Data section:
Start of Block
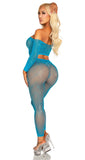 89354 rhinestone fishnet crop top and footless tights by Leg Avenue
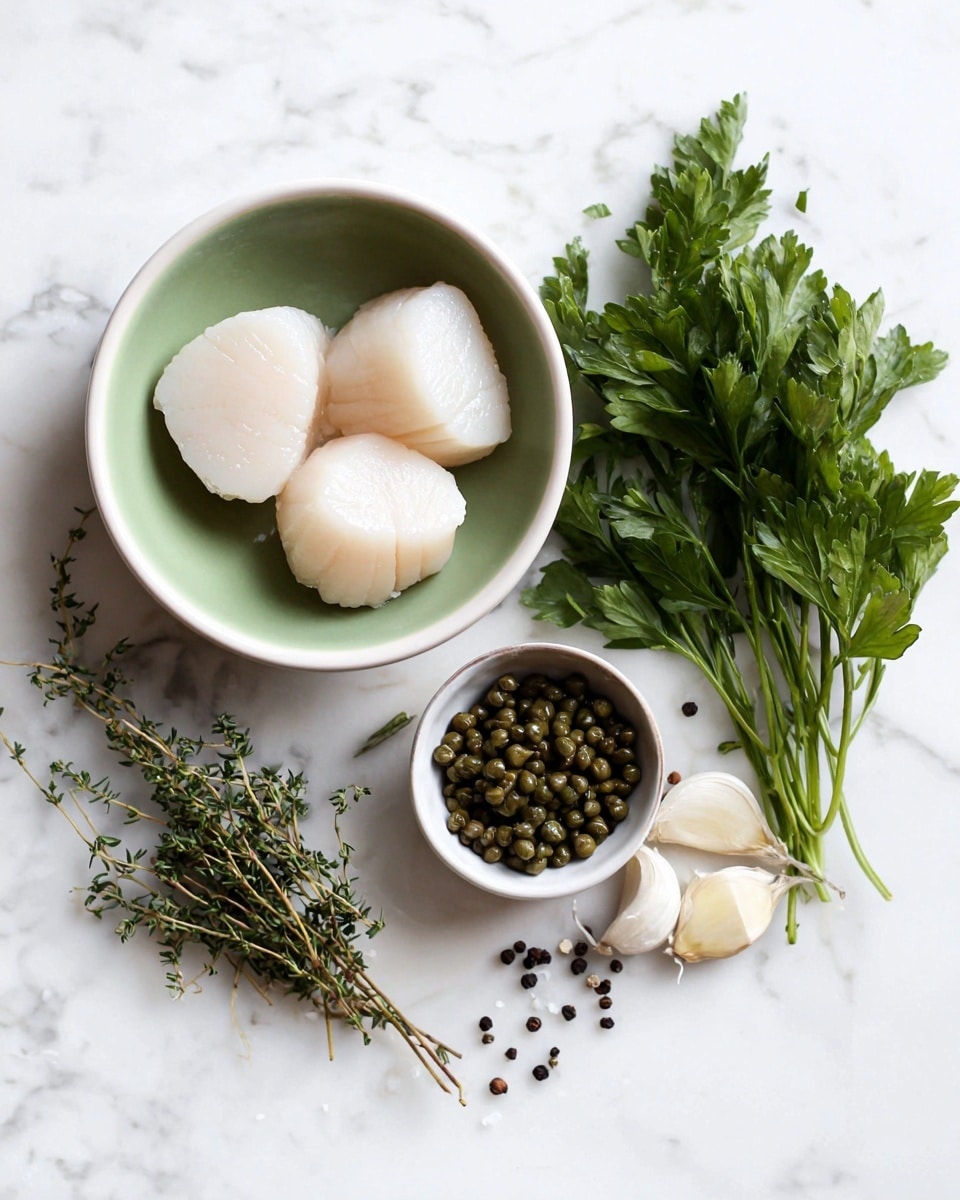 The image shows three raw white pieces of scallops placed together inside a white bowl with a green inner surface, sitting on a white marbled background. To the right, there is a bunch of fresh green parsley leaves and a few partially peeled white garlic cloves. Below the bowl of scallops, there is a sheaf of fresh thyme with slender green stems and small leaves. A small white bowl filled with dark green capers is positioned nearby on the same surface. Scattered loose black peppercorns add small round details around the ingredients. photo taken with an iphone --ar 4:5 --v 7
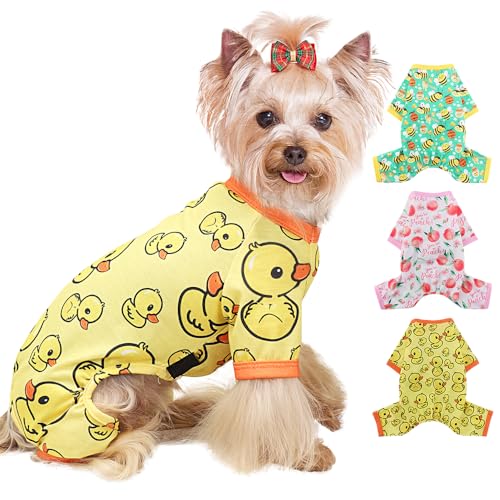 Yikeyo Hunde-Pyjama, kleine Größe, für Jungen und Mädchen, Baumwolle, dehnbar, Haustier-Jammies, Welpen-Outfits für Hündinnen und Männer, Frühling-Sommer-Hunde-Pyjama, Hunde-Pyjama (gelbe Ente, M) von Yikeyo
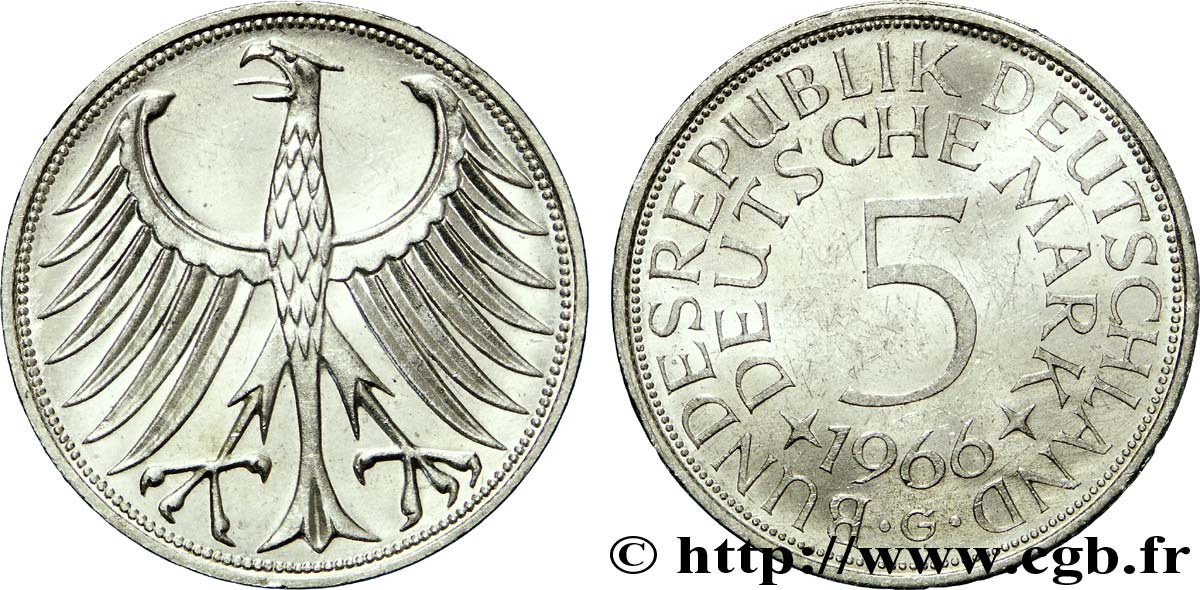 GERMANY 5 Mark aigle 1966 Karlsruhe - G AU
End of Block
Work to complete:
The listing above needs to be output again exactly. Don't include the pictures.

Solution to this task:
 89354 rhinestone fishnet crop top and footless tights by Leg Avenue
 The image shows three raw white pieces of scallops placed together inside a white bowl with a green inner surface, sitting on a white marbled background. To the right, there is a bunch of fresh green parsley leaves and a few partially peeled white garlic cloves. Below the bowl of scallops, there is a sheaf of fresh thyme with slender green stems and small leaves. A small white bowl filled with dark green capers is positioned nearby on the same surface. Scattered loose black peppercorns add small round details around the ingredients. photo taken with an iphone --ar 4:5 --v 7
 Yikeyo Hunde-Pyjama, kleine Größe, für Jungen und Mädchen, Baumwolle, dehnbar, Haustier-Jammies, Welpen-Outfits für Hündinnen und Männer, Frühling-Sommer-Hunde-Pyjama, Hunde-Pyjama (gelbe Ente, M) von Yikeyo
 GERMANY 5 Mark aigle 1966 Karlsruhe - G AU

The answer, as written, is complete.